WHAT IS REQUIRED
Up to and including the line with "Minimalistische quadratische blaue", please reproduce the lines below exactly, beginning with the first.
:::::
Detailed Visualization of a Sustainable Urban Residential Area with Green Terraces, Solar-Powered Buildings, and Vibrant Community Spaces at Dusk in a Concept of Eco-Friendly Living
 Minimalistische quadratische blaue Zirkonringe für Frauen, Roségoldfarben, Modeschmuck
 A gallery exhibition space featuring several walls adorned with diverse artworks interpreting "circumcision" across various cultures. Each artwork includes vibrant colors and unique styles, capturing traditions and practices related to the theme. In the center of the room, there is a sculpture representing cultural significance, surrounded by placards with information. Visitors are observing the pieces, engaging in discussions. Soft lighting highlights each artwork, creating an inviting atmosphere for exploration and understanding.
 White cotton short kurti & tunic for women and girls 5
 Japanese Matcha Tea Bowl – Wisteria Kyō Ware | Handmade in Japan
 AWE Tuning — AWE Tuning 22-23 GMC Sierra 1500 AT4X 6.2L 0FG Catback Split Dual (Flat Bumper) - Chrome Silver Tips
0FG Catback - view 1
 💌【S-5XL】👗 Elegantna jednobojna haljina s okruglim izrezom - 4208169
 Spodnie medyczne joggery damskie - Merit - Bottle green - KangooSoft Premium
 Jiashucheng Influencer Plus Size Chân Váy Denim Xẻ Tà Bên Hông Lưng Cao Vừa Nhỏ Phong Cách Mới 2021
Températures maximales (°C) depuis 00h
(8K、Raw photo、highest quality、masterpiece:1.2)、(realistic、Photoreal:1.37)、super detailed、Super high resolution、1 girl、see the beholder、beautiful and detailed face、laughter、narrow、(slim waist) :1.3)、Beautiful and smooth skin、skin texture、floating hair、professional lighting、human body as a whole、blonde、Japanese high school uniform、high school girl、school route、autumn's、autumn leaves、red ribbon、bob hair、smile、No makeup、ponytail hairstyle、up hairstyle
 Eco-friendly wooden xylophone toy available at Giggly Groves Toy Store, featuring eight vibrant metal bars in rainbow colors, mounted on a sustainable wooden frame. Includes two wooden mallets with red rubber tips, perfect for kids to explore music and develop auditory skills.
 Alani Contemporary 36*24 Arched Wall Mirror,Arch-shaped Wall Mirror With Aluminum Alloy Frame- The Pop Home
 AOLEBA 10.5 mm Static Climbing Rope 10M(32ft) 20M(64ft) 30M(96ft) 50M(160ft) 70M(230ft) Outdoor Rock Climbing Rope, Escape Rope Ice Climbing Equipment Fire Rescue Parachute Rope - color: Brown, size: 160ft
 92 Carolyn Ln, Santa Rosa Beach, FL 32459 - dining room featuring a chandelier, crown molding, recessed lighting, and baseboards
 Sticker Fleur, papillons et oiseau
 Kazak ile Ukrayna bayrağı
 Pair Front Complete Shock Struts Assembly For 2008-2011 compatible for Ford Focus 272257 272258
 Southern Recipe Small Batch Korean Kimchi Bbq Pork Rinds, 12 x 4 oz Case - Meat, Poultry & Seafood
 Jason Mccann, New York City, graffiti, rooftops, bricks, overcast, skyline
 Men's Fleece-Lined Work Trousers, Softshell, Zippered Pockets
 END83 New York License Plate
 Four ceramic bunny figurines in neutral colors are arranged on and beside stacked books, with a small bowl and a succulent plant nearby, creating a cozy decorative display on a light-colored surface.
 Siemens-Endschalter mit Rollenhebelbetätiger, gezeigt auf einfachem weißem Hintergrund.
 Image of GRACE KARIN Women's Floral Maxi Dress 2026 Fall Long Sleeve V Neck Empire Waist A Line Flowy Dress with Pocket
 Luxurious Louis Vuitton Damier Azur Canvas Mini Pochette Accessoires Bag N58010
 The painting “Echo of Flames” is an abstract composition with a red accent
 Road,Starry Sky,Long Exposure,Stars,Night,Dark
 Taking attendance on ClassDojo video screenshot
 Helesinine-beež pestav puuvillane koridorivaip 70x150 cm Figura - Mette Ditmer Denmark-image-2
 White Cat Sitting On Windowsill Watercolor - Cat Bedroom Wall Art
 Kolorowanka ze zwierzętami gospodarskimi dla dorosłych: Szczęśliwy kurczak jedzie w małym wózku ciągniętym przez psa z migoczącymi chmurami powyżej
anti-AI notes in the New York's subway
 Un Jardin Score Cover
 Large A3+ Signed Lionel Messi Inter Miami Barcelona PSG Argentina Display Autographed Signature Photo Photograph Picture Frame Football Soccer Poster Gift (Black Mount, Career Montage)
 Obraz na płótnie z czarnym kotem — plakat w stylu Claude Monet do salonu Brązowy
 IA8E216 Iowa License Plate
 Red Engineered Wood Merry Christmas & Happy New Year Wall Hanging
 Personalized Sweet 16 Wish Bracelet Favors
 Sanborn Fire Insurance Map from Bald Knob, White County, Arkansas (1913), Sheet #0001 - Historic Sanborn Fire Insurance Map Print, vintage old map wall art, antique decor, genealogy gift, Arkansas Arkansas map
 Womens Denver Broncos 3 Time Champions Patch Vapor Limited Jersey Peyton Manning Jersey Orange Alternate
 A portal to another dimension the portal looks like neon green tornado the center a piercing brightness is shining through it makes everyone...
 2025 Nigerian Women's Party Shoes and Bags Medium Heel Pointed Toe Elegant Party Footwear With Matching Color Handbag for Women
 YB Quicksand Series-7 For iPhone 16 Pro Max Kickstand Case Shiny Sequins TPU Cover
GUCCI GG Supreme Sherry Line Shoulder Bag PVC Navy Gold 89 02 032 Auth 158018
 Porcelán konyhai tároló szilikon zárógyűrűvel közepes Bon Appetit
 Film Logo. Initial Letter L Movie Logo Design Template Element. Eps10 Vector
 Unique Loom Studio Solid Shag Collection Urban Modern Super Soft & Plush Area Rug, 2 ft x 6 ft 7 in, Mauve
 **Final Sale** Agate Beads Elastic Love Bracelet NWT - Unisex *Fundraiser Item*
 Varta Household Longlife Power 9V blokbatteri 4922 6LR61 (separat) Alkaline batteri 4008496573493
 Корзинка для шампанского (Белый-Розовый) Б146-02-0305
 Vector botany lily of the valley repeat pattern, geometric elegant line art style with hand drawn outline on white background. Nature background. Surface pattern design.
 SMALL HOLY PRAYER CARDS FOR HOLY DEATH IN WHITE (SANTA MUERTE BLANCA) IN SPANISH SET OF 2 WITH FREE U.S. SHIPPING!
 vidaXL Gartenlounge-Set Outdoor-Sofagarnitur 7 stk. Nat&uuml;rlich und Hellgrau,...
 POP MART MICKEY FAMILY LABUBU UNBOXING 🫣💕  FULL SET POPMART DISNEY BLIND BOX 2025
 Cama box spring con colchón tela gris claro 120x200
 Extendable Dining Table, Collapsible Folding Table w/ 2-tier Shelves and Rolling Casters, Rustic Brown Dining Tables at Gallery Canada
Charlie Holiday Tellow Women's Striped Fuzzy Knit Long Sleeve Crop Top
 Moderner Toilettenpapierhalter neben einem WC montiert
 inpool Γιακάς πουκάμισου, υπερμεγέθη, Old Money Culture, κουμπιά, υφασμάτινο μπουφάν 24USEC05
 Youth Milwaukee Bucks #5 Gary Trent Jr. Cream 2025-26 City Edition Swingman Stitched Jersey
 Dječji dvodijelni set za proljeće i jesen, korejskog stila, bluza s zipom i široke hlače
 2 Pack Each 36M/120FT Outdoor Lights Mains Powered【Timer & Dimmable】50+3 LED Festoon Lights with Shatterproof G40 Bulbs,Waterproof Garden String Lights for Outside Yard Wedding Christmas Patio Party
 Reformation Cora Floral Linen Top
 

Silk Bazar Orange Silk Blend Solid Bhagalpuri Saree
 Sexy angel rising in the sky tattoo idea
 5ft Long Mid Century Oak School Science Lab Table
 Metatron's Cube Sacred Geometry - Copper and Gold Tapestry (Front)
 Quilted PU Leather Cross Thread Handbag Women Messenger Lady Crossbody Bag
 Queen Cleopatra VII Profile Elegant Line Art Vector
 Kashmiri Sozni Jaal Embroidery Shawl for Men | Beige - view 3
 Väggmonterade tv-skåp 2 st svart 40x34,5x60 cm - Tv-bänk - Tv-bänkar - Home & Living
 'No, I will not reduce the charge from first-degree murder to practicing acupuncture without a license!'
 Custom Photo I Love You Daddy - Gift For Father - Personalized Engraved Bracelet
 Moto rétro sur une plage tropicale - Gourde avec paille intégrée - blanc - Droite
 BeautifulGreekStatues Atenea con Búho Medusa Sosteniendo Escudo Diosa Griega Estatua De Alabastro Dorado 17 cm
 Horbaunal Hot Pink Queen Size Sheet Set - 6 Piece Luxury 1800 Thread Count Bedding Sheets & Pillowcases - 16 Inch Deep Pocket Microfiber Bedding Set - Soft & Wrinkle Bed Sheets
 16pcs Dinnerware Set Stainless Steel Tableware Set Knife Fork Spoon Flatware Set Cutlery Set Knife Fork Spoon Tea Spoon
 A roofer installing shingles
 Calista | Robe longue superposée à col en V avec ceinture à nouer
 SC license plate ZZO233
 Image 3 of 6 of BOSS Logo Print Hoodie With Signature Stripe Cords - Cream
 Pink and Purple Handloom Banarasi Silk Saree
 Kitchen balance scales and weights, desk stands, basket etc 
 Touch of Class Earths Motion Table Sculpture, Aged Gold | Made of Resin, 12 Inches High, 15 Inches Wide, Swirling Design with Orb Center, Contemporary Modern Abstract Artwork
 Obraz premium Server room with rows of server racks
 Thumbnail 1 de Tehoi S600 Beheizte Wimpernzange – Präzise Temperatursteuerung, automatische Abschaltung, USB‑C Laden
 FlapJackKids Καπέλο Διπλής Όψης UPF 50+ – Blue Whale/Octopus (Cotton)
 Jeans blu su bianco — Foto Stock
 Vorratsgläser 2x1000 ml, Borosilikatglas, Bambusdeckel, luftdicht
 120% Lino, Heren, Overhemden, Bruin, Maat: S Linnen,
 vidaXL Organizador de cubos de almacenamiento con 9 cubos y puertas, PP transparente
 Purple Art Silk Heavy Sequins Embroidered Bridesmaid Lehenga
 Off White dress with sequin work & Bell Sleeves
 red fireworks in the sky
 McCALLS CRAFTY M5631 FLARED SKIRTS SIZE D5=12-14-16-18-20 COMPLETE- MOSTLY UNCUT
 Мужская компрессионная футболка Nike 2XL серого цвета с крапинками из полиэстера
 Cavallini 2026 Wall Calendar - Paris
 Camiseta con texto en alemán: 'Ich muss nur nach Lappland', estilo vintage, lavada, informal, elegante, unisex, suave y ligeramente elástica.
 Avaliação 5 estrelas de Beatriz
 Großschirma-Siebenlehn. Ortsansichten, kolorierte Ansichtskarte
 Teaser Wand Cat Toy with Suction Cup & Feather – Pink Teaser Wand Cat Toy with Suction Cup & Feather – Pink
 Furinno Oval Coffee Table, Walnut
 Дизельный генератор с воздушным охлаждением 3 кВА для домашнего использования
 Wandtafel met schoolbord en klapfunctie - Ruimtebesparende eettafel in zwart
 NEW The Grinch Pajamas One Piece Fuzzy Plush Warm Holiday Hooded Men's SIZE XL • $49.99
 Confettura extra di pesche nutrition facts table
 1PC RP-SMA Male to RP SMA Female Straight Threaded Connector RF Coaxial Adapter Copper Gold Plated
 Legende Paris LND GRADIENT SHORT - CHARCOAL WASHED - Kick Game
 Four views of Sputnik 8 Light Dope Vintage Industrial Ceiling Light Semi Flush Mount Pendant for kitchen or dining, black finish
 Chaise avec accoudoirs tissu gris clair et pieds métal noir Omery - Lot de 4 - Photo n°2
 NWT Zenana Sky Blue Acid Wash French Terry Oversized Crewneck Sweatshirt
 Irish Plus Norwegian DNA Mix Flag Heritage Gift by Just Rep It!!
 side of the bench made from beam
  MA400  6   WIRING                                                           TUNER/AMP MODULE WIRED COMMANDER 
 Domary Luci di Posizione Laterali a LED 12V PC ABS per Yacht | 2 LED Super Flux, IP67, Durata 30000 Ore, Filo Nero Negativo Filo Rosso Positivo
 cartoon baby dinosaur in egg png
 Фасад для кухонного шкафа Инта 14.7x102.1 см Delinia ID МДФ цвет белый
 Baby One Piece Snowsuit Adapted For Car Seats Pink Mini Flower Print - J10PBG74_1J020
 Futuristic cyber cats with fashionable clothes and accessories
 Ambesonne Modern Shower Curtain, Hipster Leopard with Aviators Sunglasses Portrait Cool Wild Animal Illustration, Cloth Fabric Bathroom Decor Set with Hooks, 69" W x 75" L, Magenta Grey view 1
:::::
RESULT OF THIS TASK
Detailed Visualization of a Sustainable Urban Residential Area with Green Terraces, Solar-Powered Buildings, and Vibrant Community Spaces at Dusk in a Concept of Eco-Friendly Living
 Minimalistische quadratische blaue Zirkonringe für Frauen, Roségoldfarben, Modeschmuck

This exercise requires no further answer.